Selbstverständlich gibt es Ausnahmen: regionale Bäcker und selbstständige Kaufleute, die schon früh erkannt haben, dass es nicht mehr reicht, Angestellte zwischen eine Wand aus Kastenweißbroten und einen Burggraben aus Weißmehlbrötchen zu stellen.

Wenn Sie solche Bäcker im Supermarkt und/oder Händler:innen mit backgastromomischen Ambitionen kennen: Teilen Sie Ihr Wissen doch bitte mit uns in den Kommentaren! (Für Berlin fallen mir da leider nur sehr wenige gute Beispiele ein.)

Dennoch scheint die Entwicklung der vergangenen Jahre auch Anzeichen dafür zu sein, dass sich die klassische Kooperation von Lebensmitteleinzelhandel und Vorkassenbäcker ein Stück weit überlebt hat. Für den Discount gilt das schon seit längerem: Lidl hat inzwischen sämtliche Back-Avancen gegenüber früheren Partnern eingestellt; selbst bei Netto (mit Hund), wo die Kooperation mit Regionalbäckereien lange fester Konzeptbestandteil war, lichten sich mancherorts die Backtheken.

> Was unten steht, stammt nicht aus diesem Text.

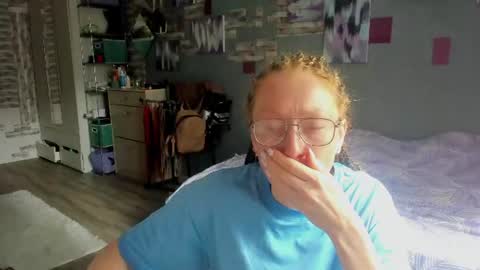 lucky_licky20 online show from 06-22-26, 01:40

Auch große Bäckereiketten haben notwendige Weiterentwicklungen verschlafen und sind dadurch in Schwierigkeiten geraten. Im Januar ist bspw. das Insolvenzverfahren für Lila Bäcker mit Filialen in Brandenburg, Berlin und Mecklenburg-Vorpommern (lange auch in Vorkassenzonen von Discountern) eröffnet worden. Ein neuer Investor wurde bislang nicht gefunden.

Andere haben begriffen, dass sie mit der Zeit gehen müssen, gemütliche Sitzgelegenheiten anbieten, besseren Kaffee und aufwändigere Snacks verkaufen, um sich gegen den Handel zu behaupten. Dafür, das auf beengten Flächen im Supermarkt zu tun, gibt es immer weniger Gründe.

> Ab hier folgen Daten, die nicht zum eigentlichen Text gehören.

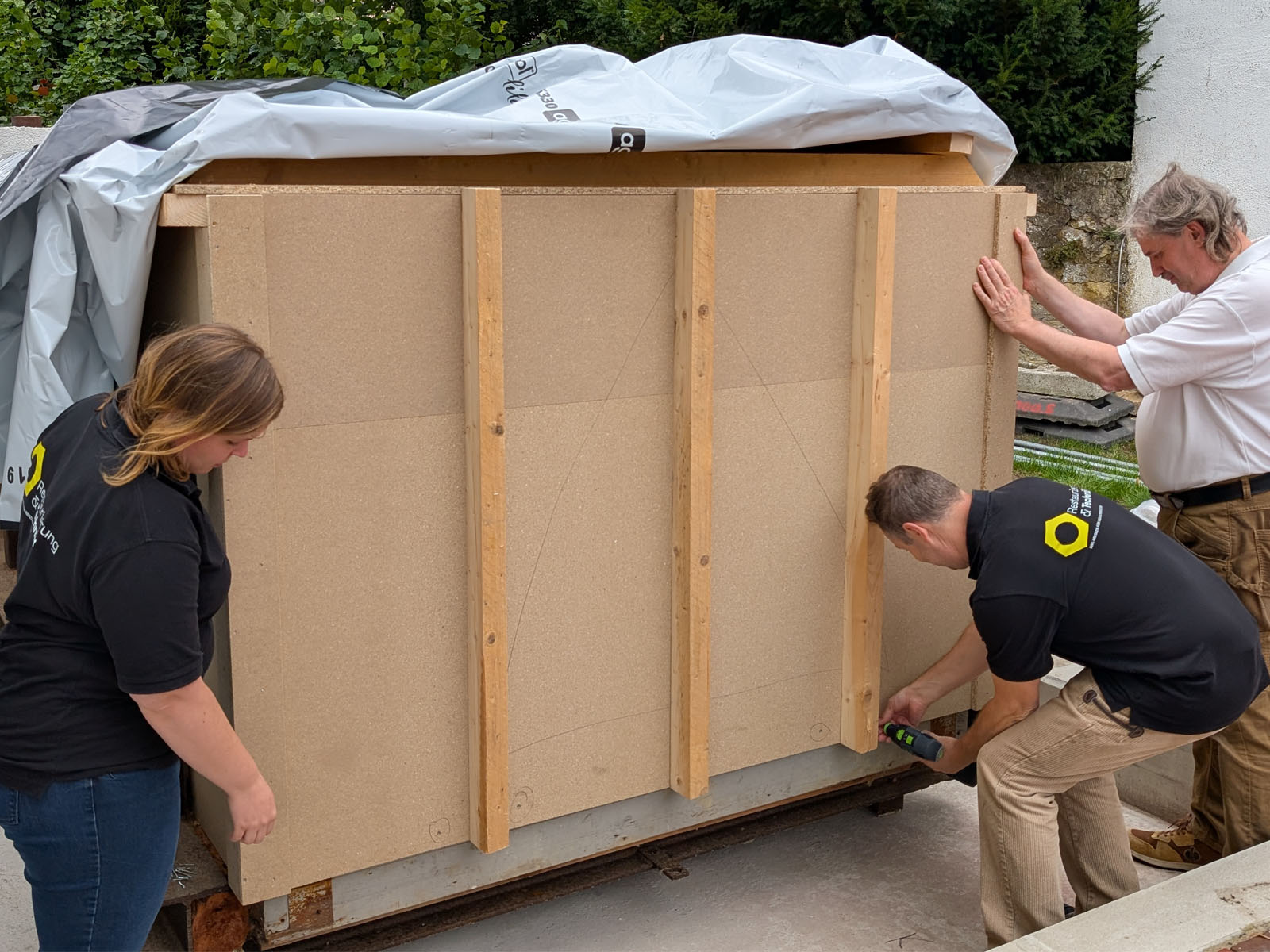 Der Töpferofen wird in Leeden ausgepackt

Alle gucken beieinander ab

„Der Markt für Backwaren ist immer ein lokaler Markt mit lokalen Bedürfnissen“,

hat mir Nikolas Niebuhr, Geschäftsführer der Hamburger Coffeeshop-Kette Balzac, Anfang des Jahres im Gespräch für holyEATS gesagt. Niebuhrs Aufgabe ist es, Balzac auf das (für Deutschland angepasste) Konzept von Espresso House umzustellen, das in Skandinavien ziemlich erfolgreich ist und Balzac vor zwei Jahren übernommen hat (pdf), um nach Deutschland zu expandieren.

(Espresso House gehört zur JAB Holding der deutschen Unternehmerfamilie Reimann, die sich in den vergangenen Jahren ein internationales Kaffeeketten-Imperium zusammengekauft hat.)

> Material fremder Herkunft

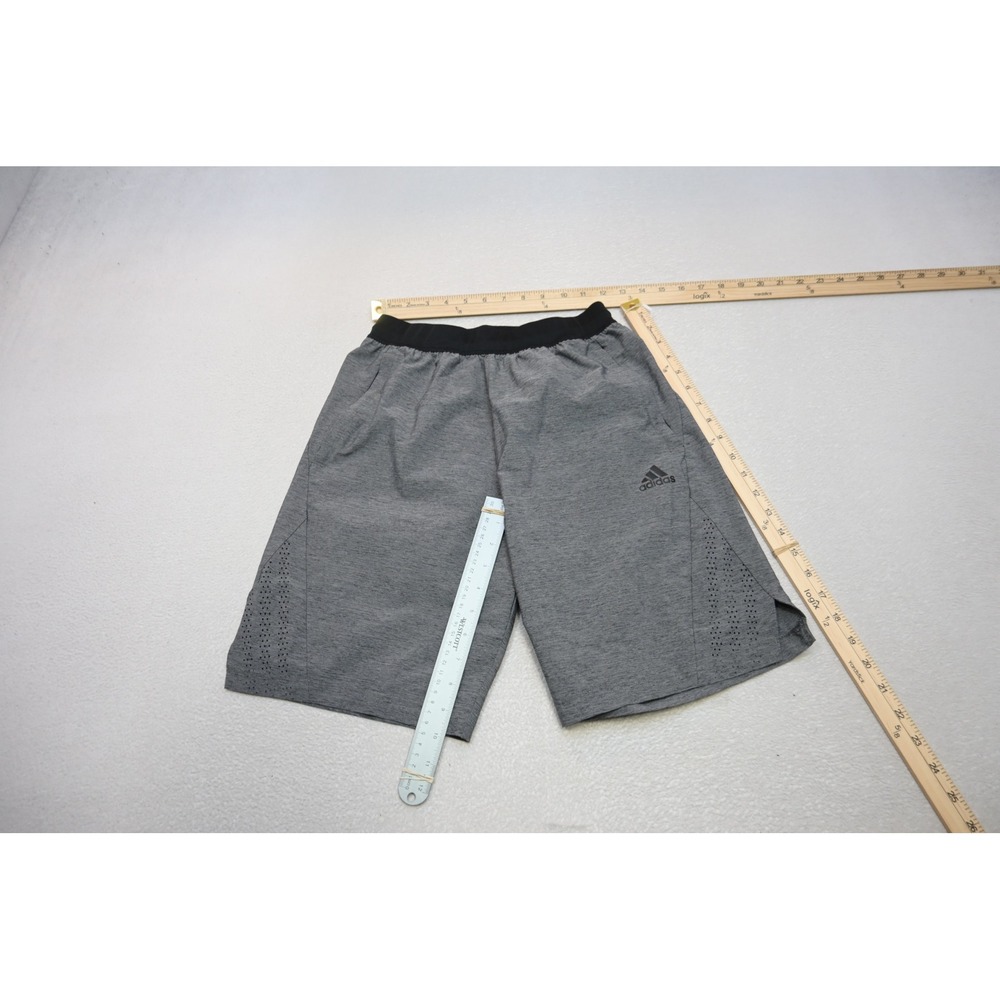 Adidas Athletic Gym Shorts Mens Small Grey Heathered Laser Cut Vents Excellent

Die zu Espresso House umgebauten Läden sollen mehr Aufenthaltsqualität bieten und durch höhere Kaffeekompetenz glänzen. Das scheint zu funktionieren. „Vielleicht können das die Bäcker alles auch – in zehn Jahren“, meint Niebuhr. Aber genau diesem Anpassungsprozess müssen sich alle Marktteilnehmer stellen, wenn sich alle, alle permanent bei den Konzepten der Konkurrenz bedienen – die Lebensmittelhändler bei den (SB-)Bäckereien, die großen Bäckereiketten bei den Coffeeshops, die Coffeeshops in der klassischen Gastronomie.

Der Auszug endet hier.